BEGIN Data for this exercise

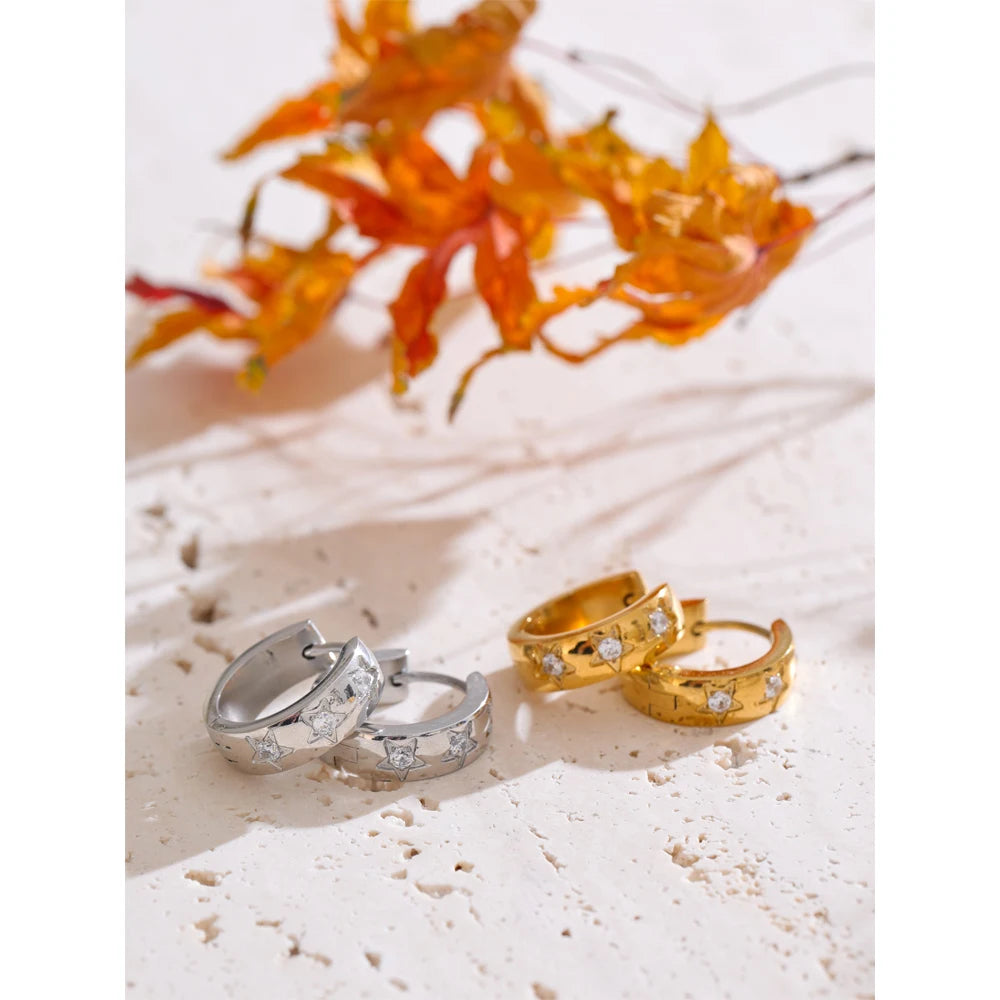 16mm Zirconia Star Round Daily Hoop Earrings for Women Hypoallergenic Stainless Steel High Quality Chic Jewelry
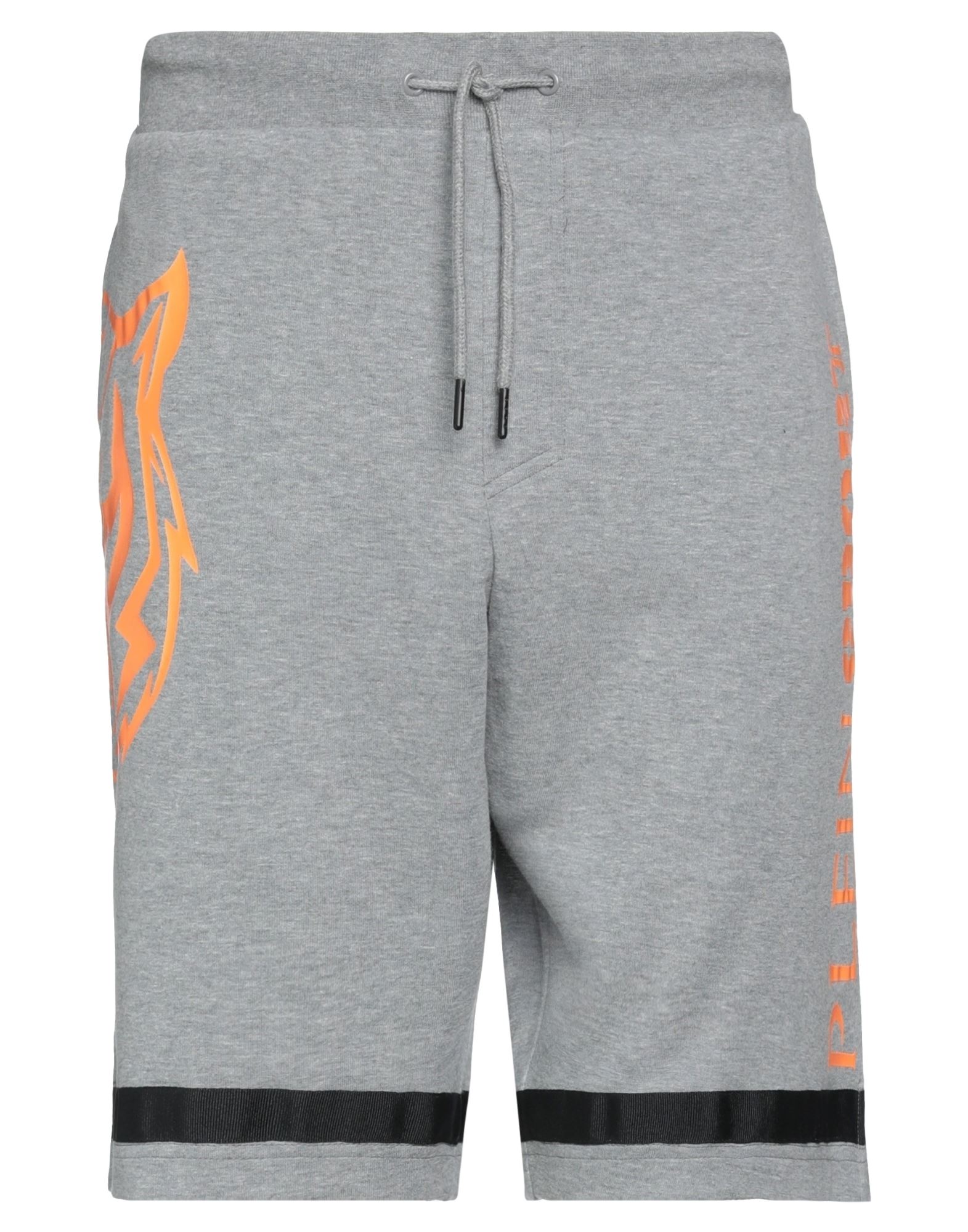 Plein Sport Man Shorts & Bermuda Shorts Grey Size L Cotton, Polyester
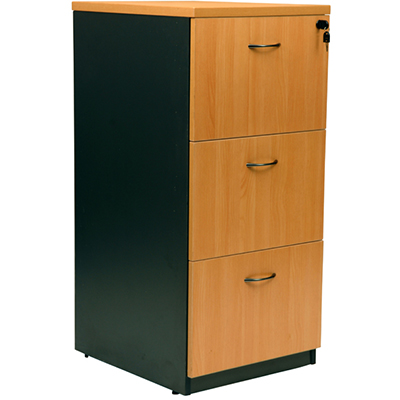 Image for OXLEY FILING CABINET 3 DRAWER 476 X 550 X 1029MM BEECH/IRONSTONE from MOE Office Products Depot Mackay & Whitsundays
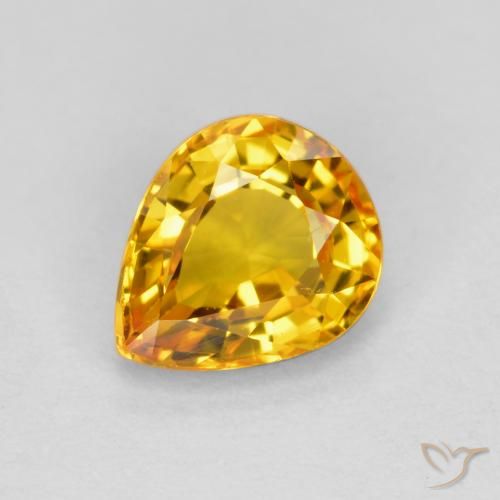 0.70ct Natural Bright Gold Sapphire, Pear Shape, VVS-VS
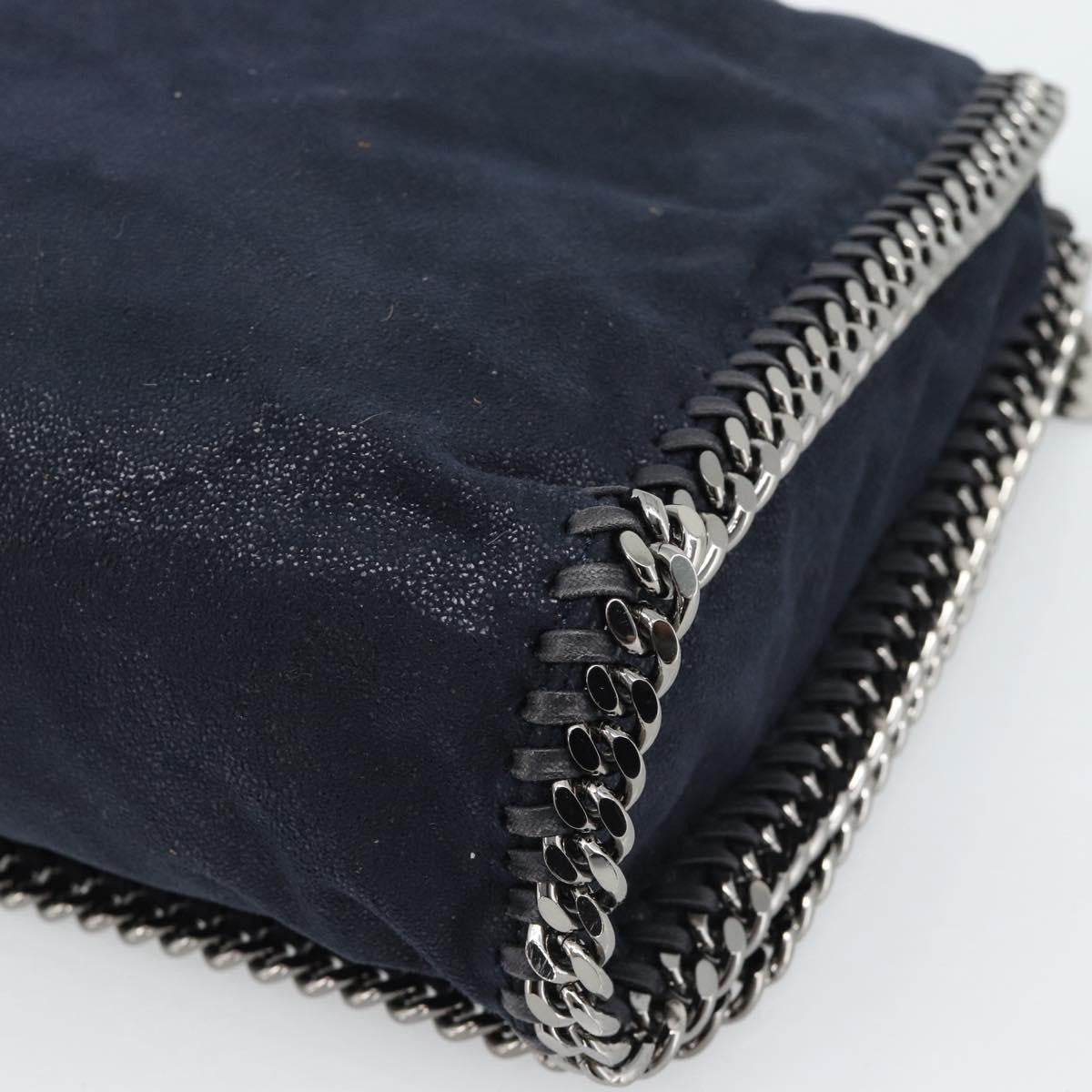 Stella McCartney Falabella Fold Over Flap Crossbody Bag Shaggy Deer, Navy, Synthetic, Shoulder Bag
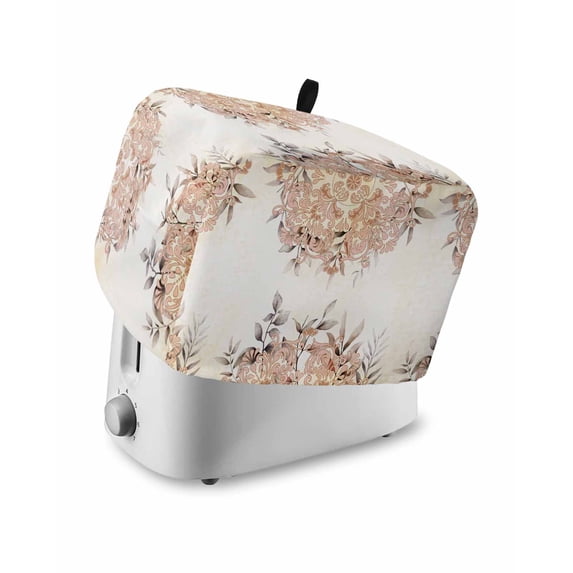 Abstract Toaster Cover 2 Slice, Retro Persian Style Turkey Style Flowers Bread Maker Cover Toaster Dust Cover with Pockets, Dust-Proof Cover for Kitchen Small Appliance 12x7.5x8in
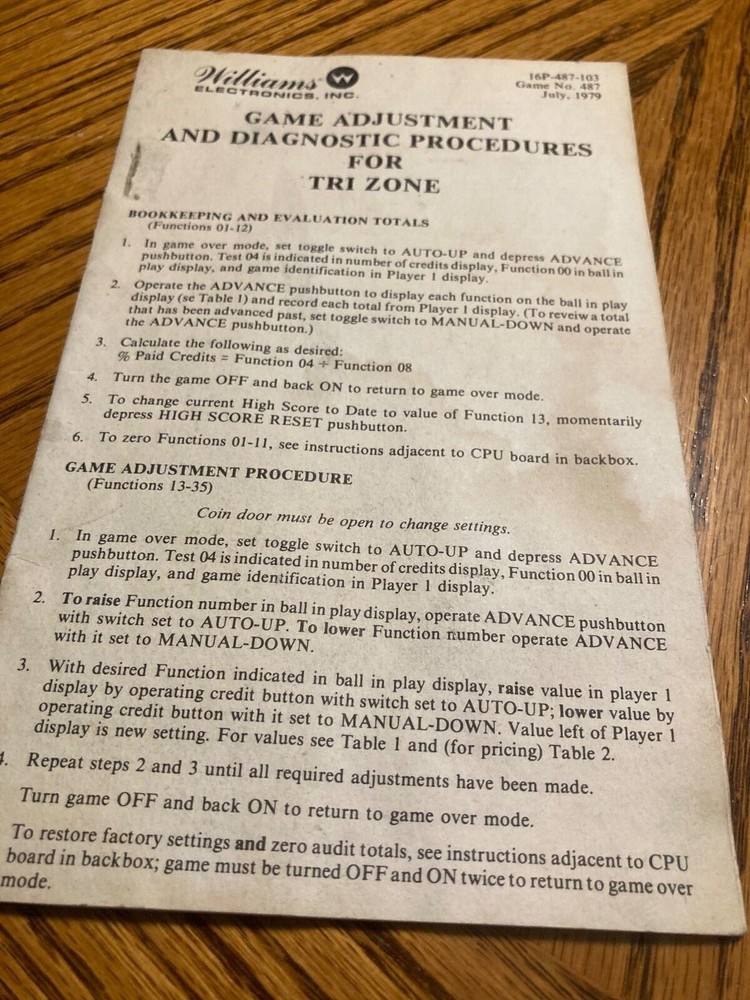 Tri Zone Pinball Game Adjustments & Diagnostic Procedures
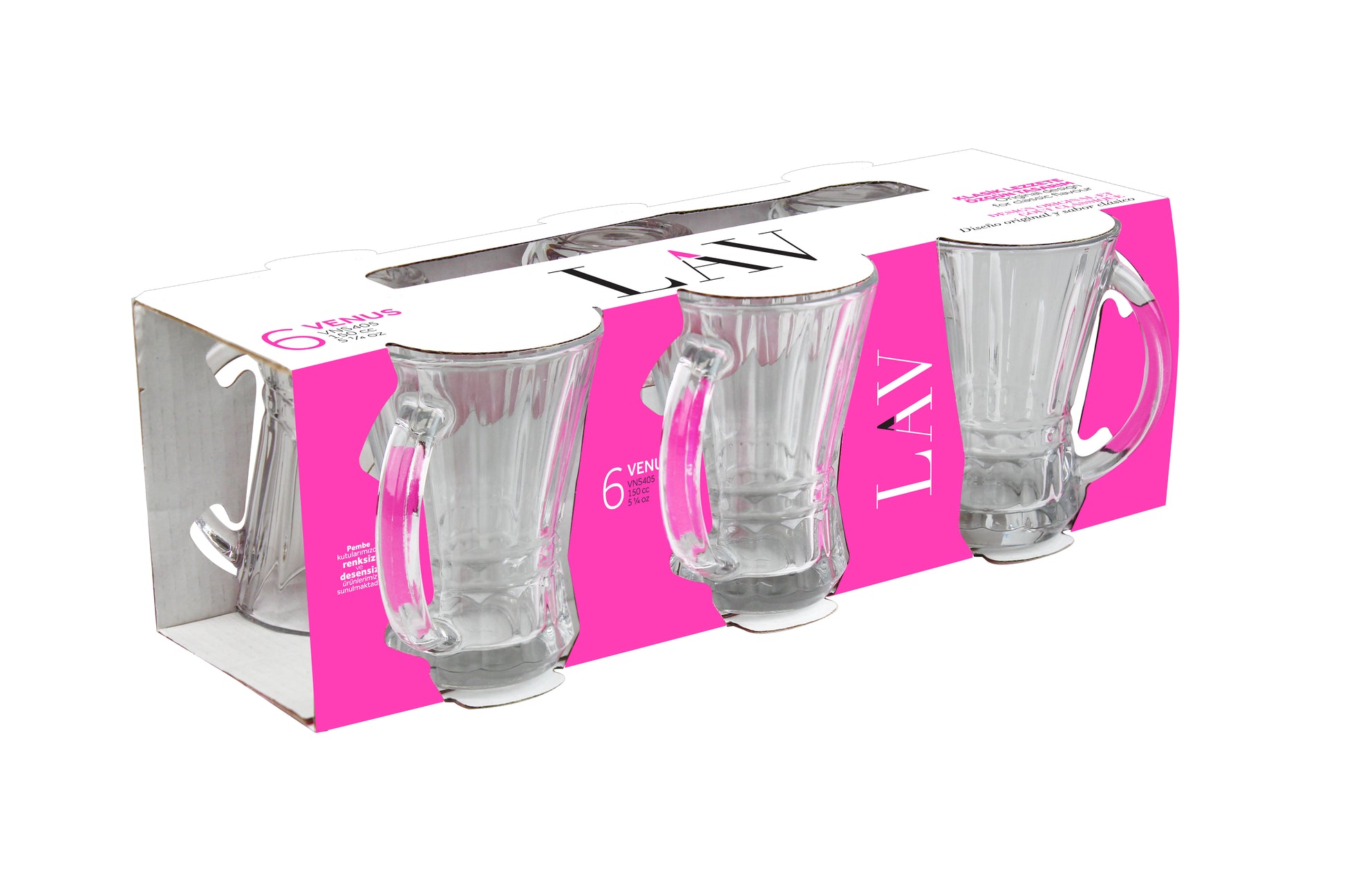 Venüs Cam Kulplu Çay Bardağı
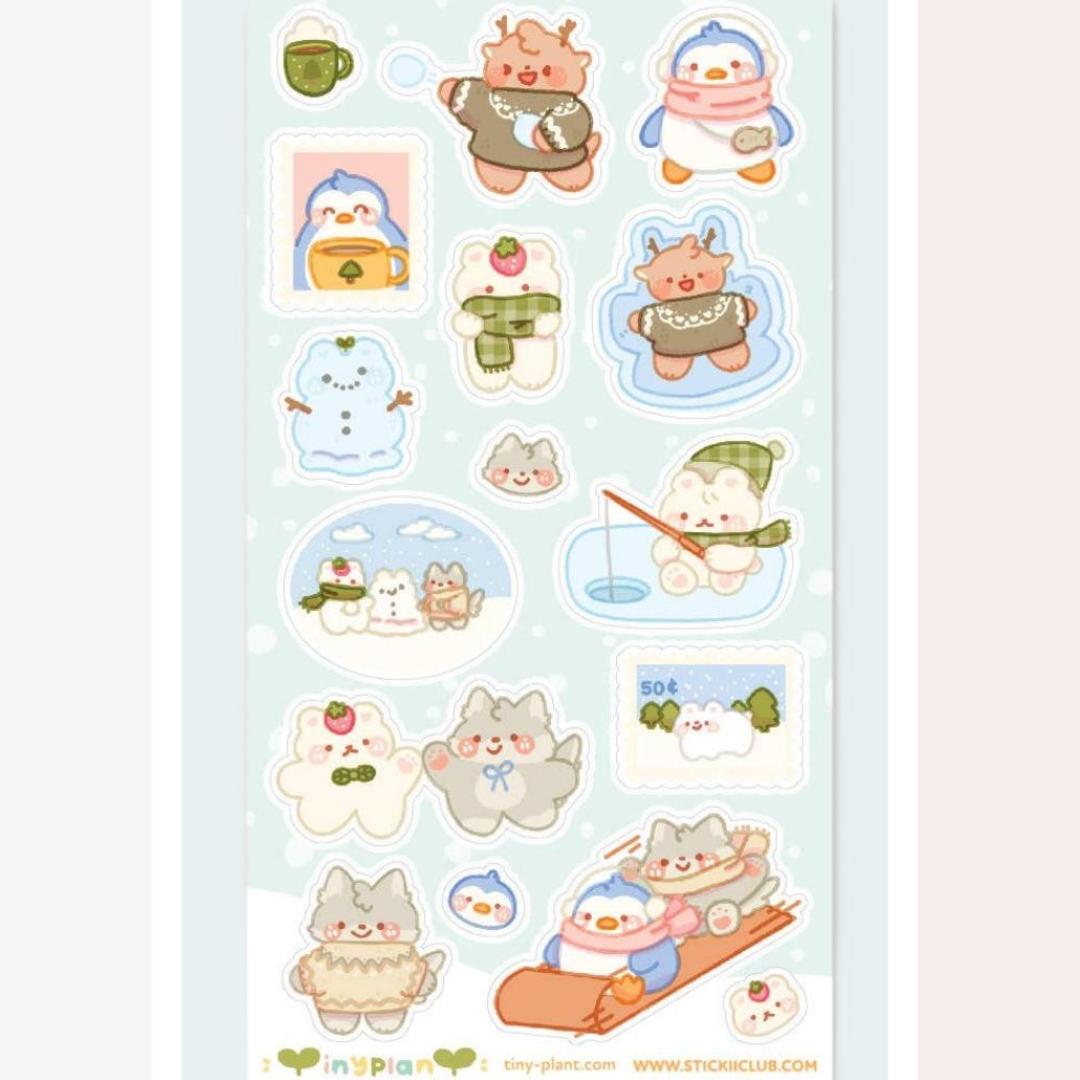 Fun Winter Stickers - Cute Animal Snowy Afternoon Sticker Sheet
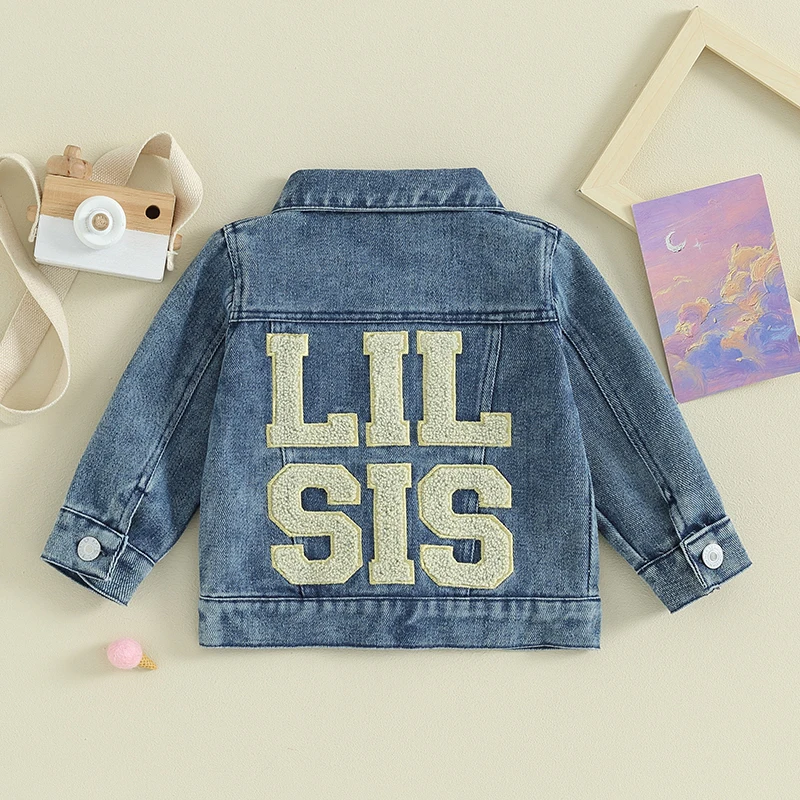 -10-10 Lioraitiin 0-5Y Baby Girl Denim Jackets Sister Matching Long Sleeve Letter Embroidery Jean Coats Infant Outerwear baby jacket,baby coat,children jacket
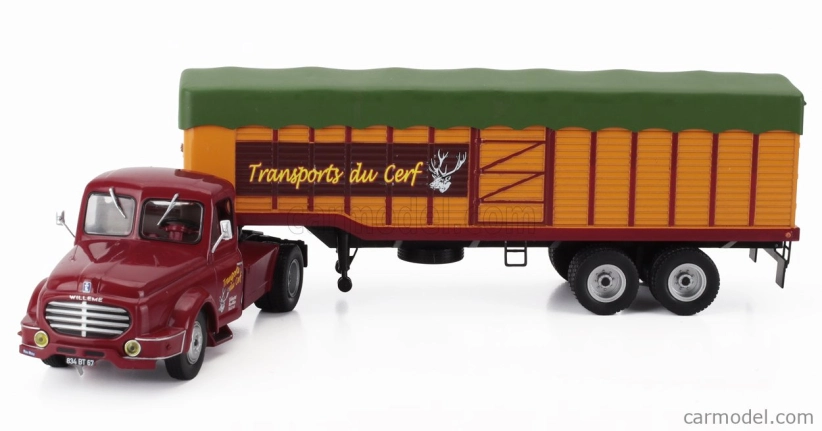 Edicola Willeme Lc610 Truck Transports Du Cerf 1952 - bez karty Box 1:43 červená oranžová zelená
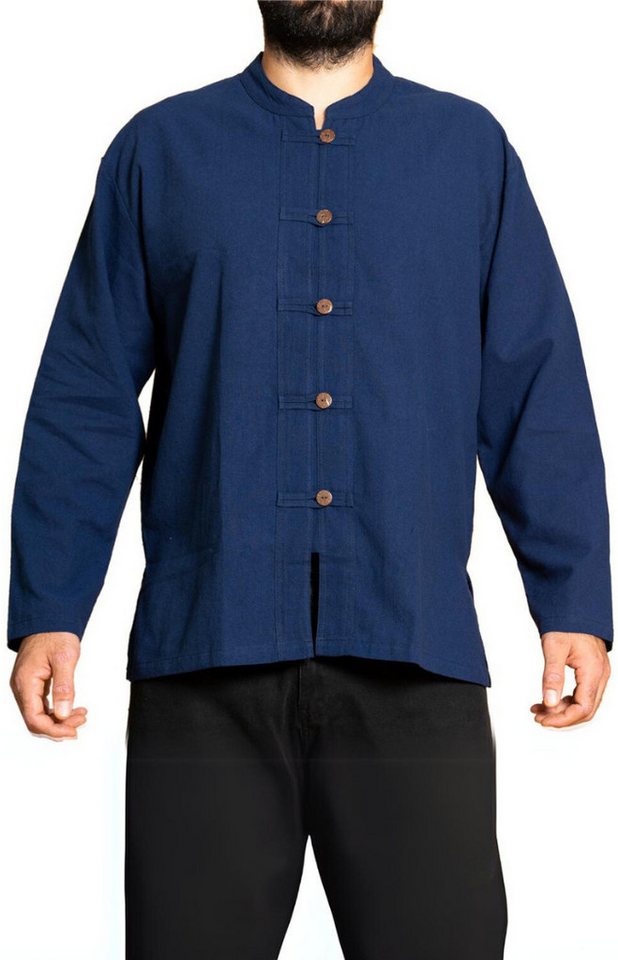 PANASIAM Langarmhemd Fischerhemd Ben mit 5 Holzknöpfen 100 % Baumwolle angenehm weiches Freizeithemd Fisherman Shirt von PANASIAM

END Data for this exercise

Please copy exactly the lines from the one containing "Venüs Cam Kulplu Çay Bardağı" through the last line of the records, both ends included, and leave out any pictures.

_Solution to this task_
 Venüs Cam Kulplu Çay Bardağı
 Fun Winter Stickers - Cute Animal Snowy Afternoon Sticker Sheet
 -10-10 Lioraitiin 0-5Y Baby Girl Denim Jackets Sister Matching Long Sleeve Letter Embroidery Jean Coats Infant Outerwear baby jacket,baby coat,children jacket
 Edicola Willeme Lc610 Truck Transports Du Cerf 1952 - bez karty Box 1:43 červená oranžová zelená
 PANASIAM Langarmhemd Fischerhemd Ben mit 5 Holzknöpfen 100 % Baumwolle angenehm weiches Freizeithemd Fisherman Shirt von PANASIAM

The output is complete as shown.